Die Todesarten haben sich über die lange Strecke total gewandelt – von aberwitzig zu normal. Die Betonung des Formats liegt heute nicht mehr auf komödiantisch, sondern auf realistisch. Wir erzählen inzwischen berührende, oft tragische Kriminalfälle, in denen Menschen in soziale Not geraten und sich in Situationen manövrieren, die sie nicht mehr kontrollieren können. Ich bin wirklich begeistert darüber, wie sich unsere Serie weiterentwickelt hat.

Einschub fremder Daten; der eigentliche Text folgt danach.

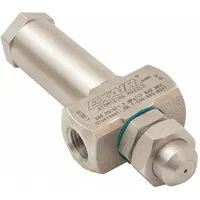 Stainless steel internal mix air-atomizing spray nozzle with 1/4 in FNPT connection. Delivers 2.8 scfm flow rate with a narrow angle round spray pattern at 15 inches. Used for precise liquid atomization in industrial coating, humidification, and cooling processes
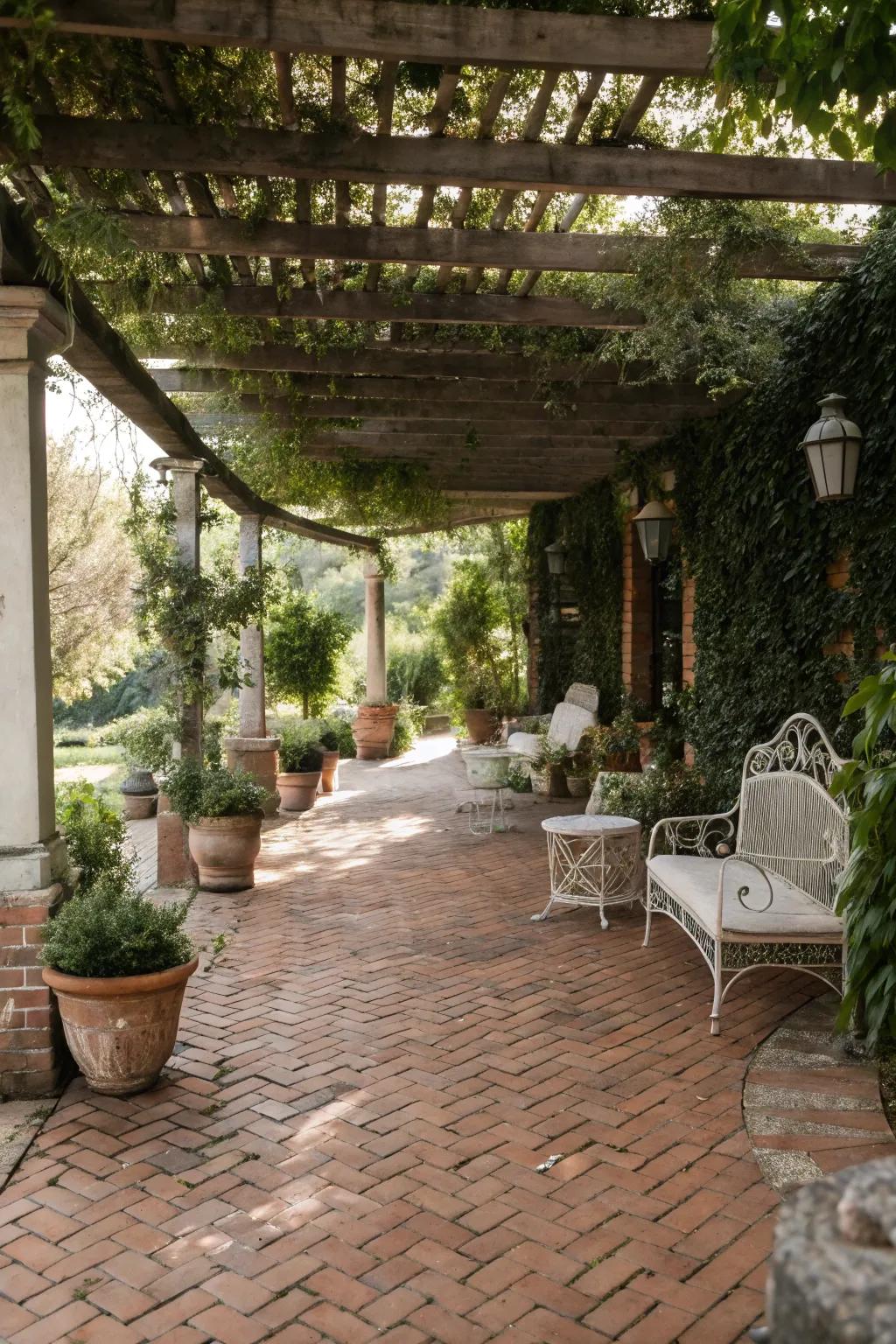 Brick flooring introduces timeless charm and character.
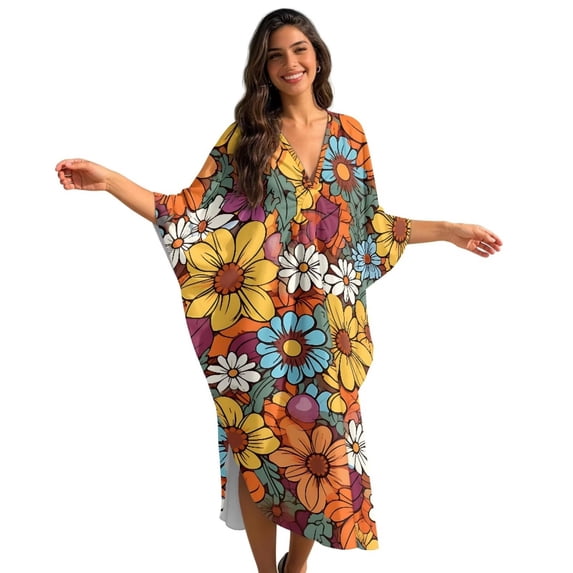 Xixirimido Retro 60s Hippie Flower Print Women's Kaftan Dresses Plus Size Beach Cover Up V-Neck Batwing Sleeve Swimsuit Coverup Summer Caftan Dress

WIE KAM DR. HENNING STRAHL ZU SEINEM SPITZNAMEN "STRAHLEMANN"?

Kommissar Finn Kiesewetter hat ihn von Anfang an so genannt. Der Spitzname stammt aus ihrer gemeinsamen Schulzeit. Ich finde, er bildet einen schönen Gegensatz: Ausgerechnet der Rechtsmediziner, der den ganzen Tag mit düsteren Dingen zu tun hat, mit Tod und Endlichkeit, trägt einen solchen sonnigen Spitznamen. Strahlemann selber hat sich über die Jahre von einem merkwürdigen, britisch angehauchten Menschen mit Schiebermütze und Seidenschal und Hang zu Rotwein und Geigenmusik zu einem vergleichsweise ernsten Rechtsmediziner entwickelt. Allerdings hat er sich seine pedantische Art und seine Besserwisserei bewahrt.

WIE IST SEIN VERHÄLTNIS ZU DEN KOMMISSAREN?

Es ist geprägt von Gekabbel und Ironie, was dem Ganzen eine gewisse Würze verleiht. Da sie sich schon lange kennen, pflegen die Figuren eine gewisse Lockerheit im Miteinander. Strahl ist immer als Erster am Tatort und weiß, was die Kommissare noch nicht wissen. Diesen Vorsprung nutzt er aus. Zwar berichtet er ausführlich, aber mit der Haltung: Na, ob sie es wohl verstehen, da bin ich aber mal gespannt! Es bereitet ihm auch eine innere Freude, die Ermittler mit Begriffen aus der Medizin zu bombardieren, die sie mutmaßlich nicht verstehen. Auf der anderen Seite machen sich die Kommissare über seine Merkwürdigkeiten lustig, was Strahl sichtlich unangenehm ist. So wird der Ball liebevoll hin und her gespielt: Wer hat hier eigentlich das Sagen?

WARUM SIND RECHTSMEDIZINER BEIM PUBLIKUM SO BELIEBT?

Es müssen schon eigenartige Charaktere sein, die den Tod zu ihrem Metier machen. Als Normalsterblicher, der dem Leben zugewandt ist, möchte man damit ja nicht so viel zu tun haben. Aber wenn man vor dem Bildschirm sitzt und den TV-Pathologen quasi aus der Ferne zuschaut, wie sie mit einem sarkastischen Spruch und einem Lächeln Leichen untersuchen, dann verliert das Thema für einen Moment seine Bitterkeit und Beschwernis. Rechtsmediziner ermöglichen uns einen leichteren Umgang mit dem Thema Sterben. Wie viele andere habe auch ich Angst vor dem Tod. Insofern ist es ein merkwürdiger Wink des Schicksals, dass ich seit zehn Jahren den Rechtsmediziner spielen und mich mit diesem beruflichen Umfeld anfreunden darf.